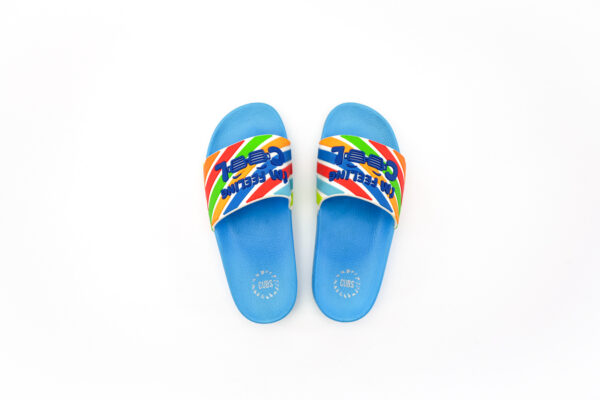Cool Dude Stripes Slide - Image 3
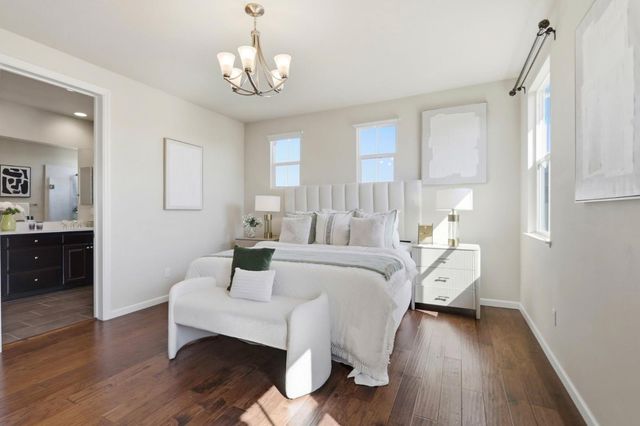 709 Satsuma Terrace, Sunnyvale, CA 94087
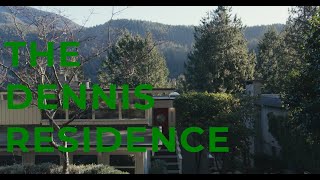 The Dennis Residence: 6550 Wellington Avenue, West Vancouver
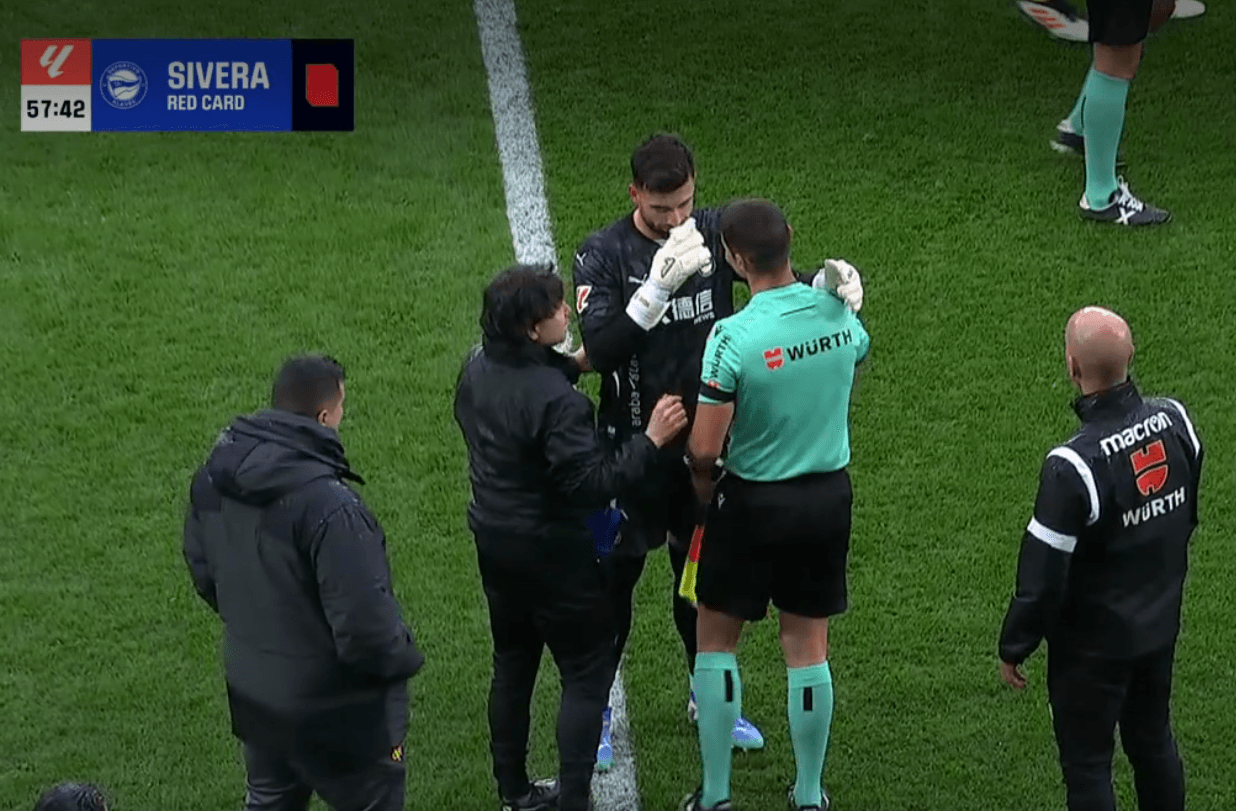 Deportivo Alavés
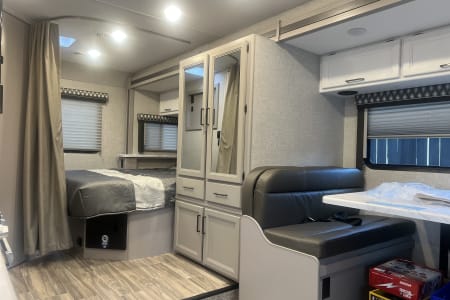 RV Rental boulder,Colorado-(CO)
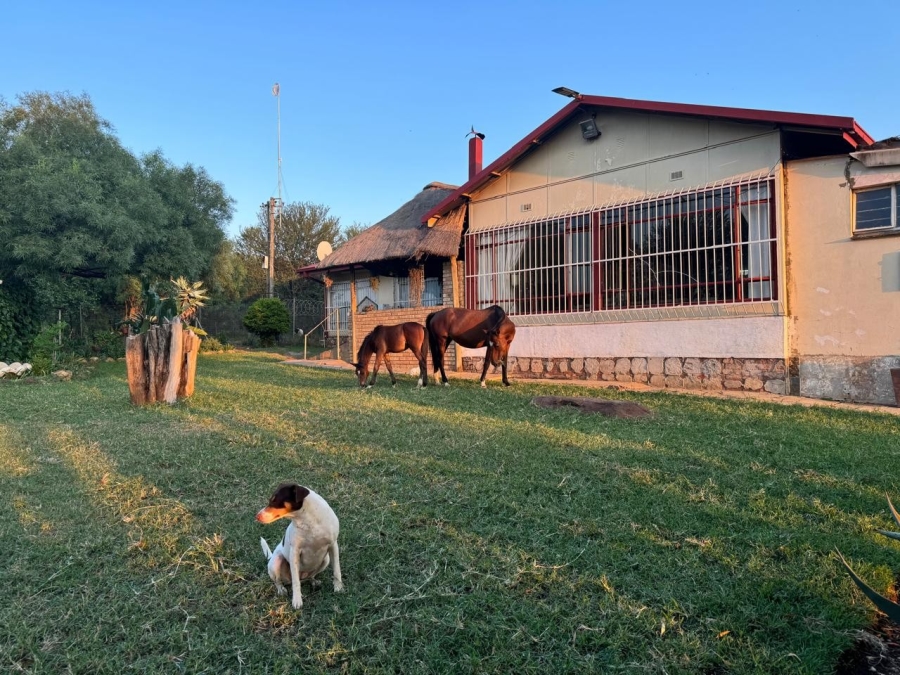 Commercial Property for Sale in Rustenburg Rural North West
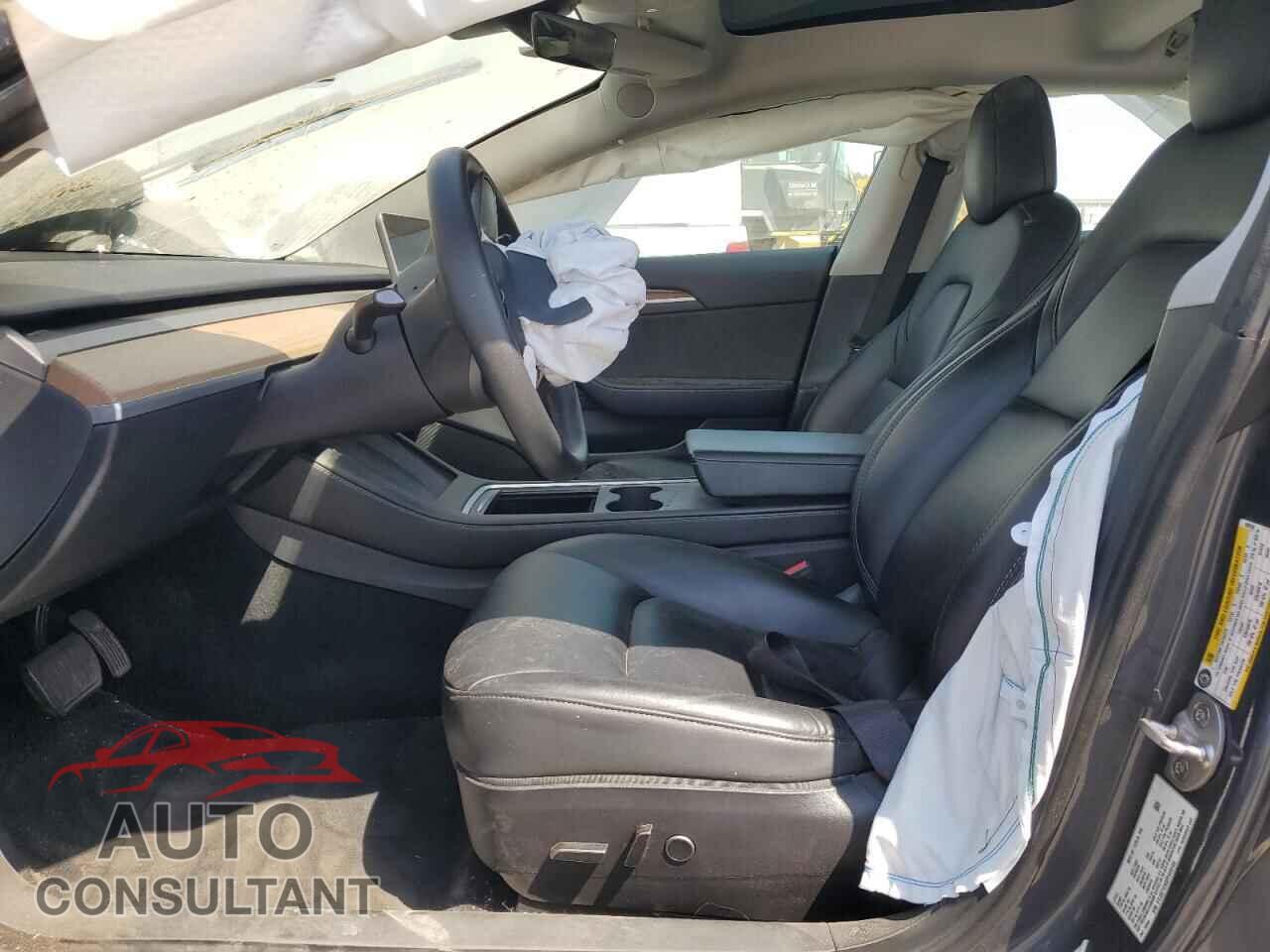 TESLA MODEL 3 2023 - 5YJ3E1EA6PF449104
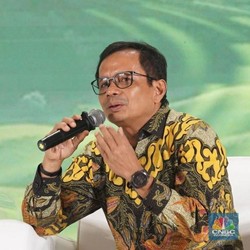 Pakai Sistem Lego, SIG Bisa Percepat Pembangunan 3 Juta Rumah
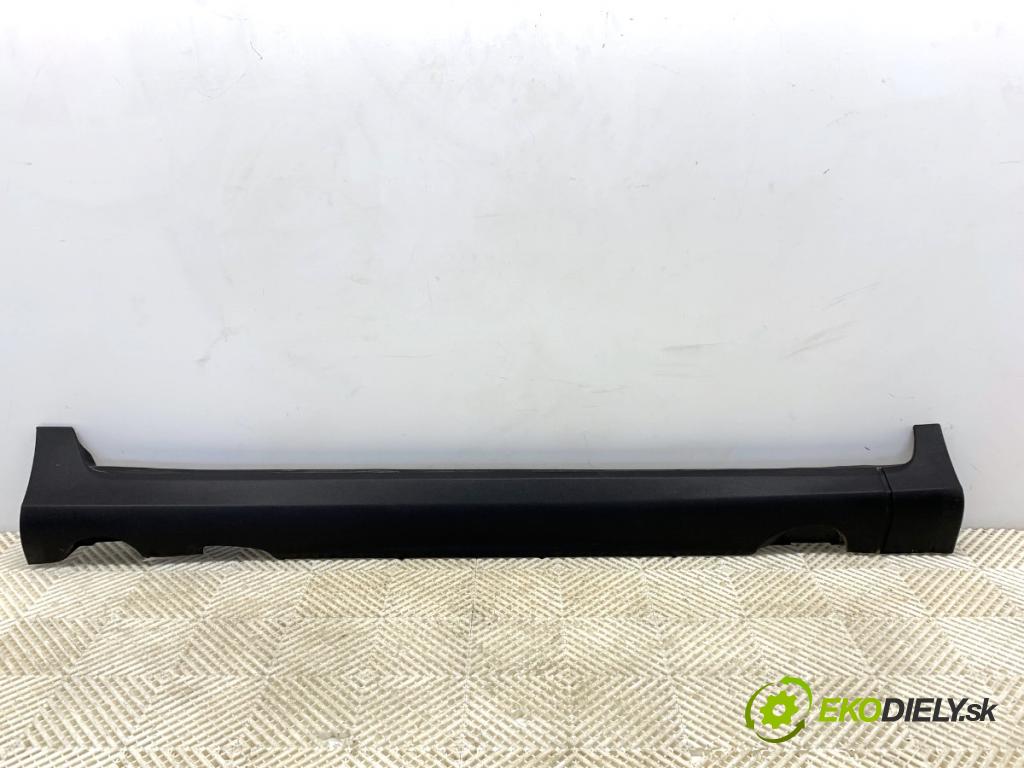 VOLVO XC60 I SUV 2012 158 kW D5 AWD 2400 Lišta prahová pravy 31294849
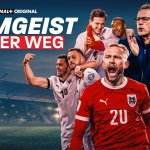 "Teamgeist": Deshalb entschied sich der ÖFB für sein WM-Quartier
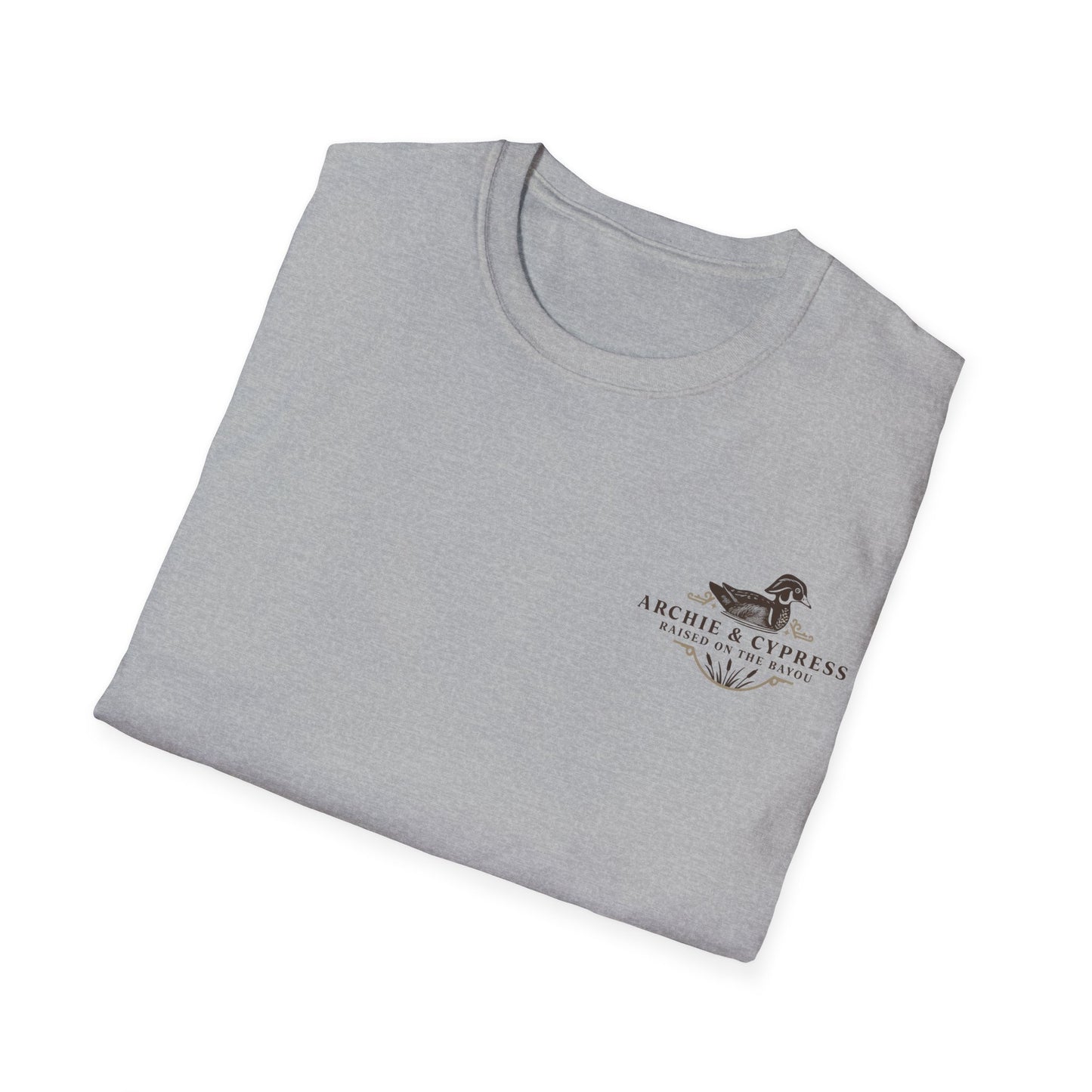 Archie & Cypress Logo (Adult)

★ ★ ★

EXERCISE: Omit the pictures and copy the records above exactly.

EXPECTED ANSWER:
Cool Dude Stripes Slide - Image 3
 709 Satsuma Terrace, Sunnyvale, CA 94087
 The Dennis Residence: 6550 Wellington Avenue, West Vancouver
 Deportivo Alavés
 RV Rental boulder,Colorado-(CO)
 Commercial Property for Sale in Rustenburg Rural North West
 TESLA MODEL 3 2023 - 5YJ3E1EA6PF449104
 Pakai Sistem Lego, SIG Bisa Percepat Pembangunan 3 Juta Rumah
 VOLVO XC60 I SUV 2012 158 kW D5 AWD 2400 Lišta prahová pravy 31294849
 "Teamgeist": Deshalb entschied sich der ÖFB für sein WM-Quartier
 Archie & Cypress Logo (Adult)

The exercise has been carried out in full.